The Pala Empire was an imperial power during the post-classical period in the Indian subcontinent,[7] which originated in the region of Bengal. It is named after its ruling dynasty, whose rulers bore names ending with the suffix Pala ("protector" in Sanskrit). They were followers of the Mahayana and Tantric schools of Buddhism. The empire was founded with the election of Gopala as the emperor of Gauda in 750 CE.[8] The Pala stronghold was located in Bengal and Bihar, which included the major cities of Gauda, Vikrampura, Pataliputra, Monghyr, Somapura, Ramvati (Varendra), Tamralipta and Jaggadala.

The Palas were astute diplomats and military conquerors. Their army was noted for its vast war elephant corps. Their navy performed both mercantile and defensive roles in the Bay of Bengal. They built grand temples and monasteries, including the Somapura Mahavihara, and patronised the great universities of Nalanda and Vikramashila. The Proto-Bengali language developed under Pala rule. The empire enjoyed relations with the Srivijaya Empire, the Tibetan Empire and the Arab Abbasid Caliphate. Abbasid coinage found in Pala archaeological sites, as well as records of Arab historians, point to flourishing mercantile and intellectual contacts. The House of Wisdom in Baghdad absorbed the mathematical and astronomical achievements of Indian civilisation during this period.[9]

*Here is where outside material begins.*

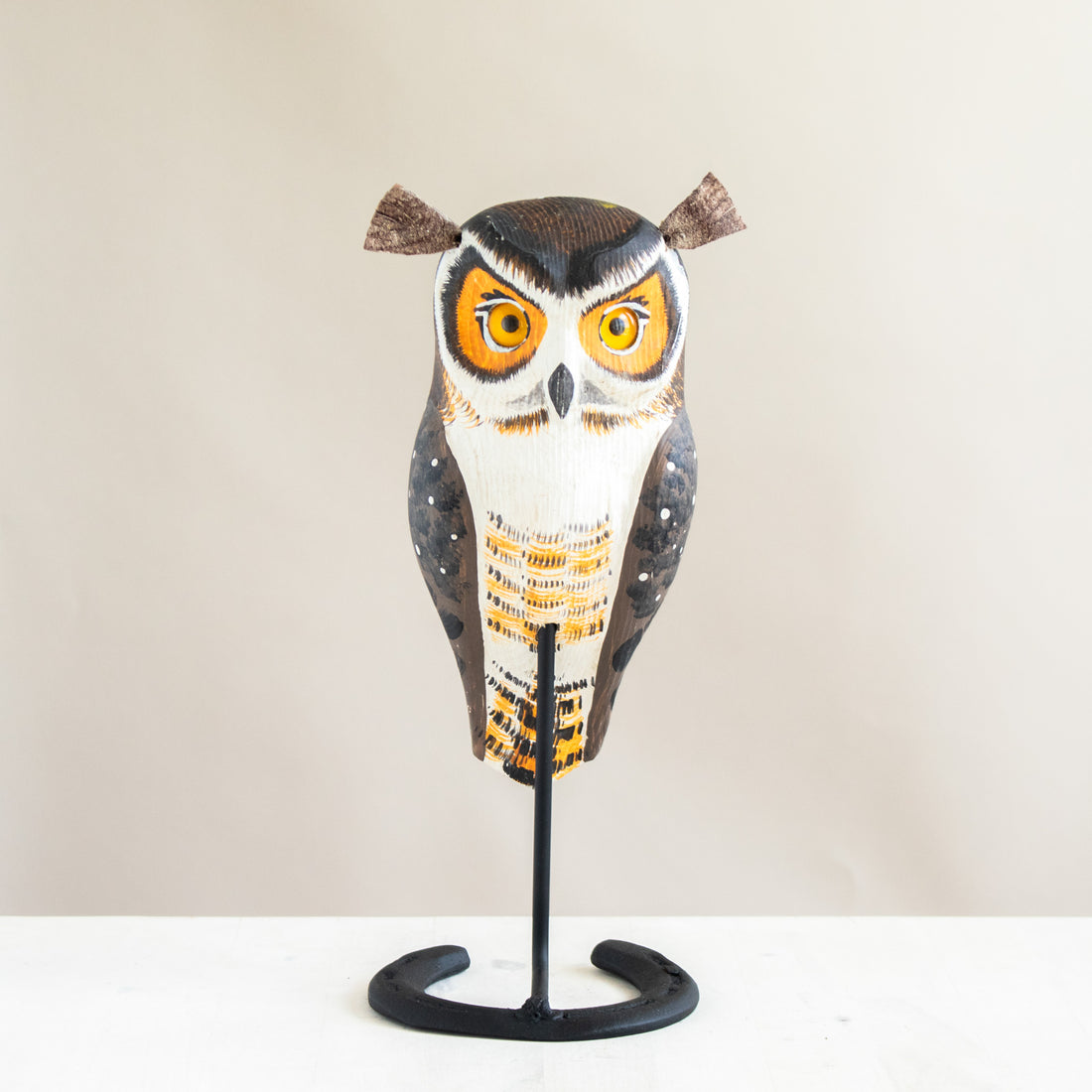 Great Horned Owl Keen | Small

At its height in the early 9th century, the Pala Empire was the dominant power in the northern Indian subcontinent, with its territory stretching across the Gangetic plain to include parts of modern-day eastern Pakistan, northern and northeastern India, Nepal and Bangladesh.[8][10] The empire reached its peak under Emperors Dharmapala and Devapala. The Palas also exerted a strong cultural influence under Atisa in Tibet, as well as in Southeast Asia. Pala control of North India was ultimately ephemeral, as they struggled with the Gurjara-Pratiharas and the Rashtrakutas for the control of Kannauj and were defeated. After a short lived decline, Emperor Mahipala I defended imperial bastions in Bengal and Bihar against South Indian Chola invasions. Emperor Ramapala was the last strong Pala ruler, who gained control of Kamarupa and Kalinga. The empire was considerably weakened by the 11th century, with many areas engulfed in rebellion.

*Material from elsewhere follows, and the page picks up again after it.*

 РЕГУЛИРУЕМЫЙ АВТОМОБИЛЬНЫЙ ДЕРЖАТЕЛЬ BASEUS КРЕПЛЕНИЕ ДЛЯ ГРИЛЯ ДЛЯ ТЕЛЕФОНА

The resurgent Hindu Sena dynasty dethroned the Pala Empire in the 12th century, ending the reign of the last major Buddhist imperial power in the Indian subcontinent. The Pala period is considered one of the golden eras of Bengali history.[11][12] The Palas brought stability and prosperity to Bengal after centuries of civil war between warring divisions. They advanced the achievements of previous Bengali civilisations and created outstanding works of arts and architecture. They laid the basis for the Bengali language, including its first literary work, the Charyapada. The Pala legacy is still reflected in Tibetan Buddhism.

History

Origins


According to the Khalimpur copper plate inscription, the first Pala king Gopala was the son of a warrior named Vapyata. The Ramacharitam attests that Varendra (North Bengal) was the fatherland (Janakabhu) of the Palas. The ethnic origins of the dynasty are unknown, although later records claim that Gopala was a Kshatriya or descended from the legendary Solar dynasty. The Ballala-Carita states that the Palas were Kshatriyas, a claim reiterated by Taranatha in his History of Buddhism in India as well as Ghanaram Chakrabarty in his Dharmamangala (both written in the 16th century CE). The Ramacharitam also attests the fifteenth Pala emperor, Ramapala, as a Kshatriya. Claims of belonging to the legendary Solar dynasty are unreliable and clearly appear to be an attempt to cover up the humble origins of the dynasty.[12] The Pala dynasty has also been branded as Śudra in some sources such as Manjushri-Mulakalpa; this might be because of their Buddhist leanings.[13][14][15][16][17][18][19] According to Abu'l-Fazl ibn Mubarak (in Ain-i-Akbari), the Palas were Kayasthas. There are even accounts that claim Gopala may have been from a Brahmin lineage.[20][21]

Establishment

After the fall of Shashanka's kingdom, the Bengal region was in a state of anarchy. There was no central authority, and there was constant struggle between petty chieftains. The contemporary writings describe this situation as matsya nyaya ("fish justice" i.e. a situation where the big fish eat the small fish). Gopala ascended the throne as the first Pala king during these times. The Khalimpur copper plate suggests that the prakriti (people) of the region made him the king.[12] Taranatha, writing nearly 800 years later, also writes that he was democratically elected by the people of Bengal. However, his account is in form of a legend, and is considered historically unreliable. The legend mentions that after a period of anarchy, the people elected several kings in succession, all of whom were consumed by the Naga queen of an earlier king on the night following their election. Gopal, however managed to kill the queen and remained on the throne.[22] The historical evidence indicates that Gopala was not elected directly by his citizens, but by a group of feudal chieftains. Such elections were quite common in contemporary societies of the region.[12][22]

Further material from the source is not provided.